(Directions)
Write out only the lines from the line that holds "рама под самодельный" to the end of the listing below, inclusive, with the pictures omitted.

(Dataset entries)
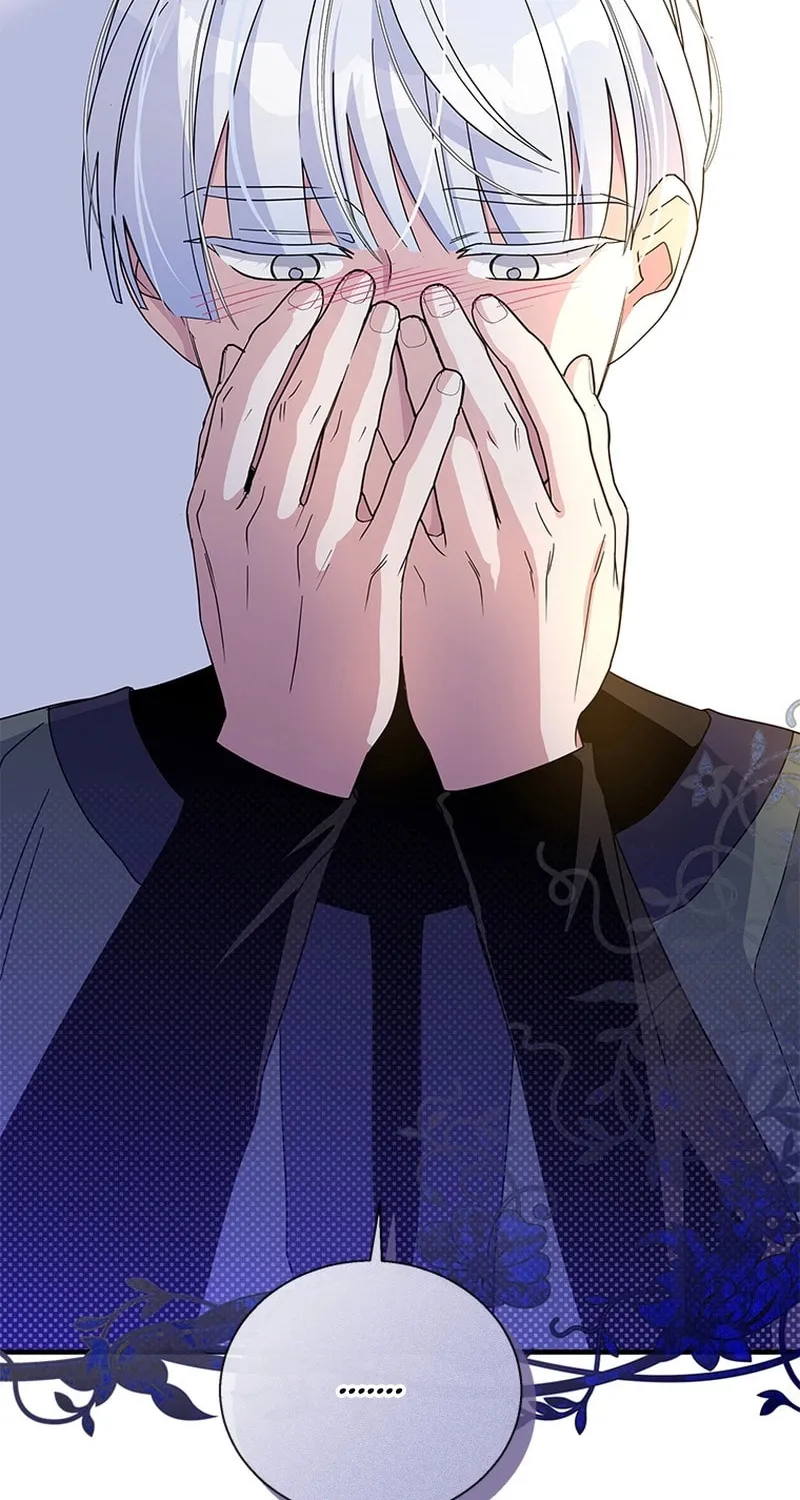 Read Baroness Goes on Strike chapter 136 image 71 on Lezhin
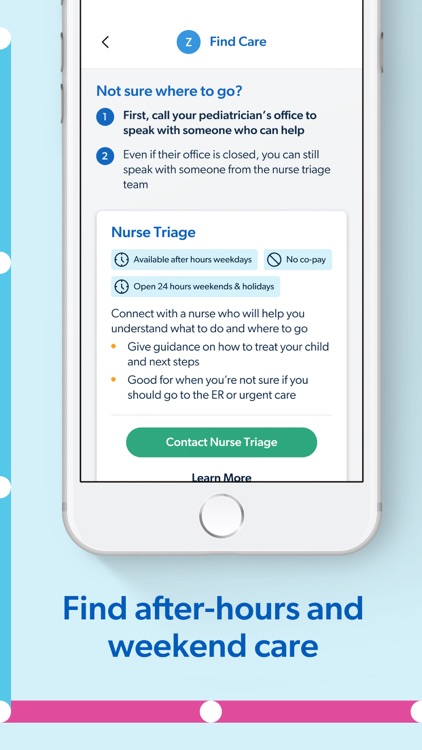 MyCookChildren's screenshot-5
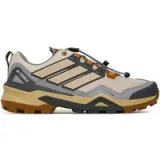 adidas Trekking Terrex Skychaser GORE-TEX IH1094 Bež · záber 1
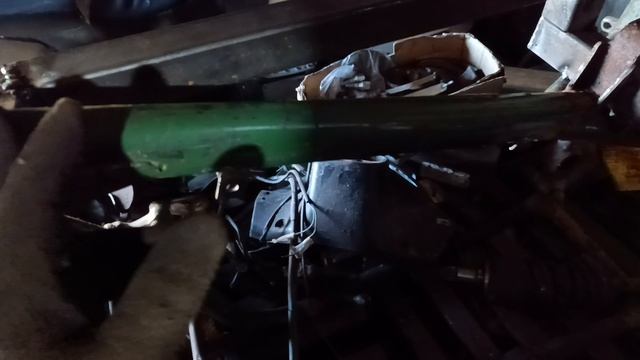 рама под самодельный квадроцикл смотреть онлайн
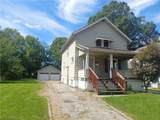 549 6th Street - Photo 16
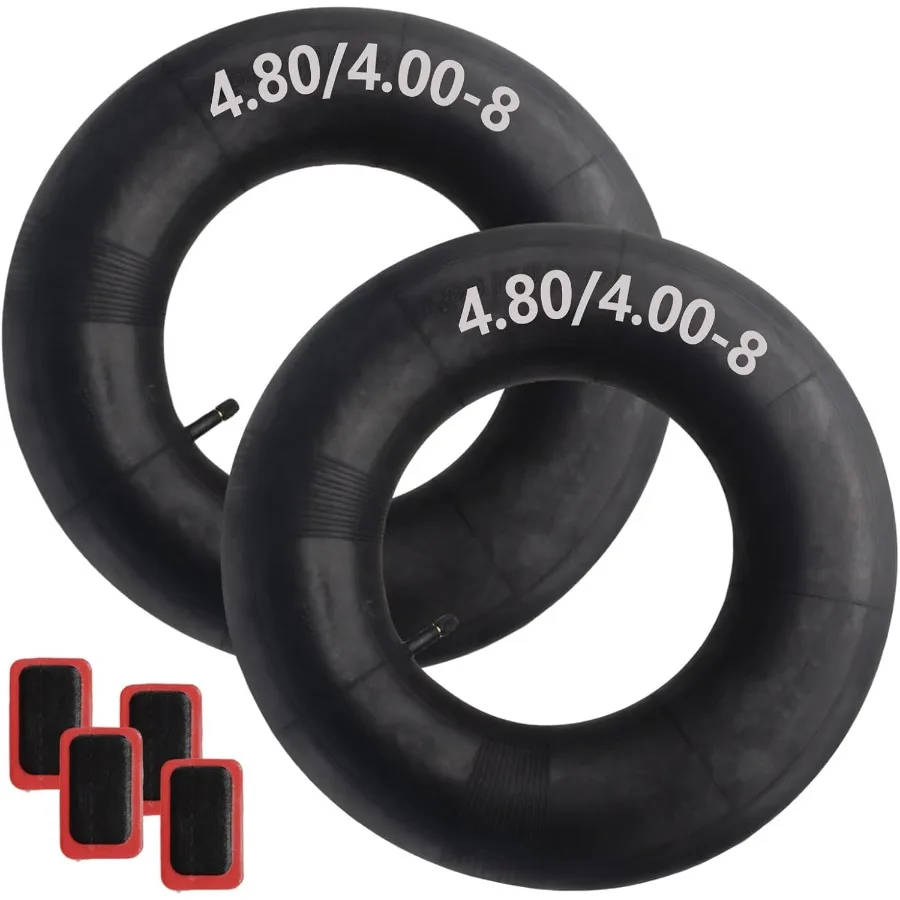 

4,80 4,008 Покрышка 4,808 Внутренние камеры для шин Сверхмощные для тачки Колесо Тачка Садовые тележки Газонокосилки Мотоблок Одноколесные велосипеды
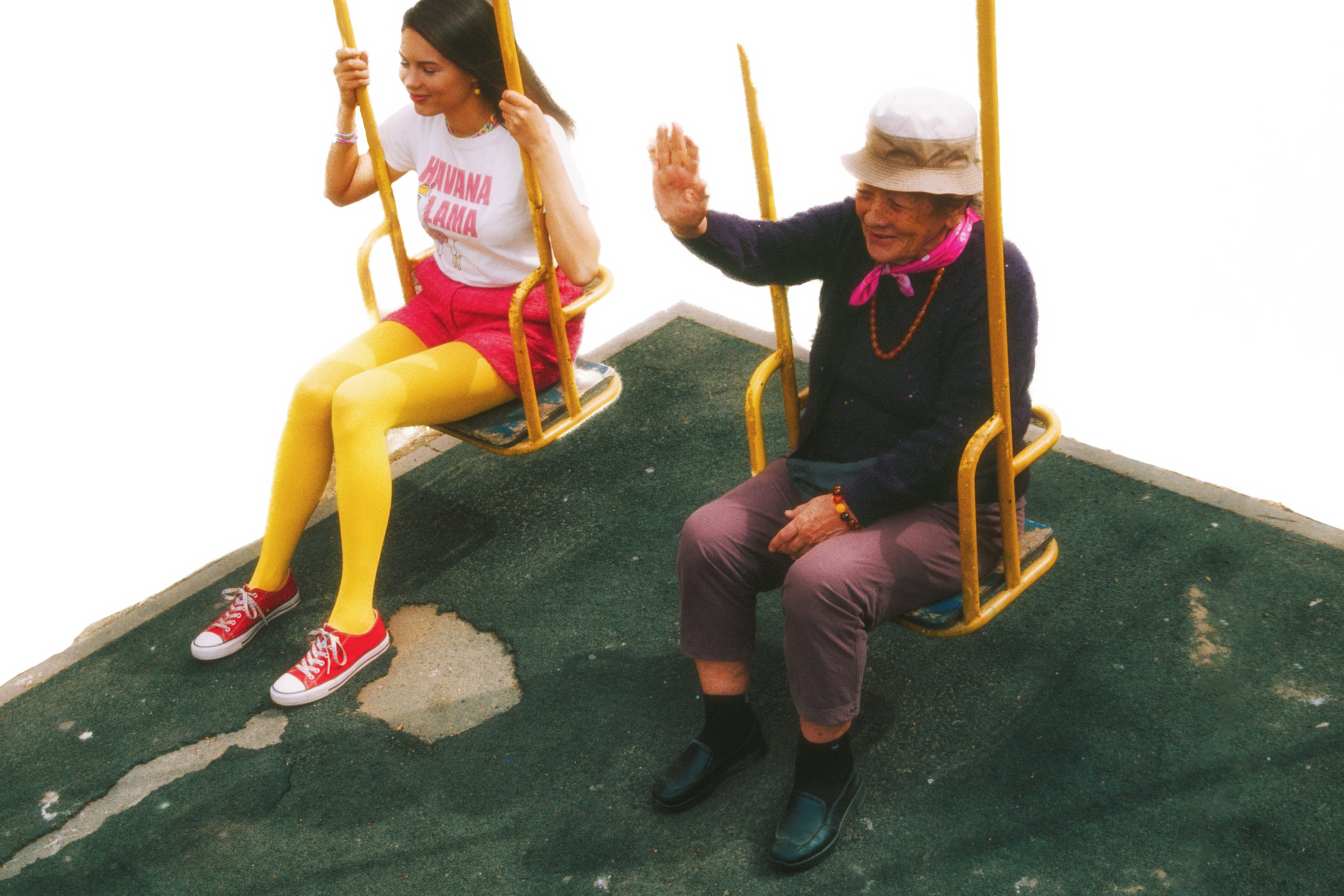 ЖЕЖНЯ. Главная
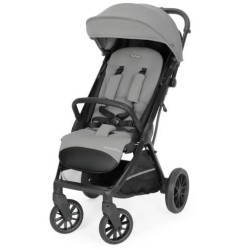 PASSEGGINO X COUNTRY MERCURY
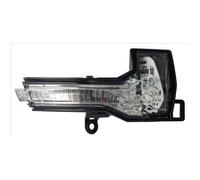 Feu clignotant TYC 337-0316-3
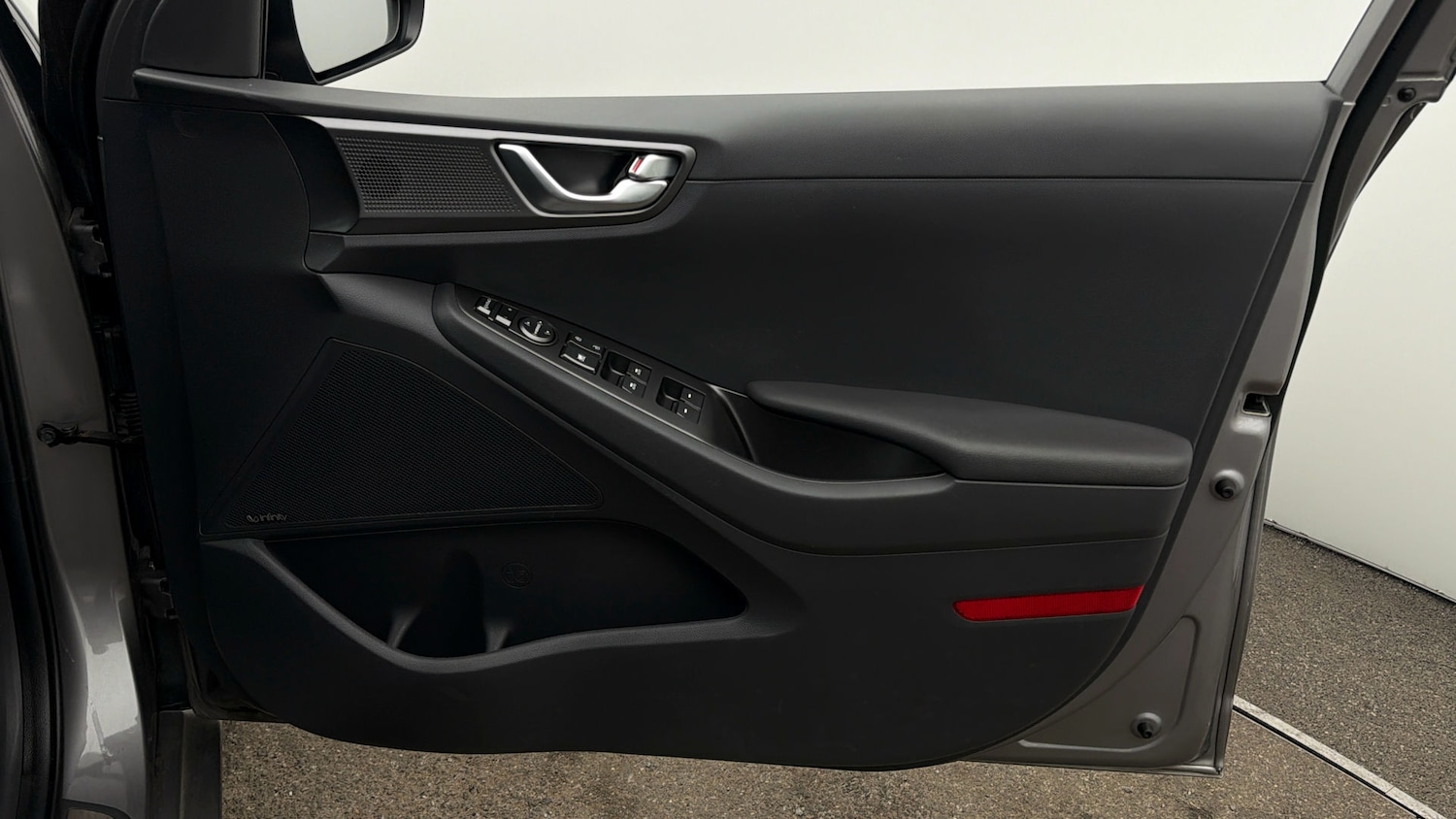 Used Hyundai IONIQ 2022 for sale - 77789190: Photo 14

(Solution to this problem)
 рама под самодельный квадроцикл смотреть онлайн
 549 6th Street - Photo 16

4,80 4,008 Покрышка 4,808 Внутренние камеры для шин Сверхмощные для тачки Колесо Тачка Садовые тележки Газонокосилки Мотоблок Одноколесные велосипеды
 ЖЕЖНЯ. Главная
 PASSEGGINO X COUNTRY MERCURY
 Feu clignotant TYC 337-0316-3
 Used Hyundai IONIQ 2022 for sale - 77789190: Photo 14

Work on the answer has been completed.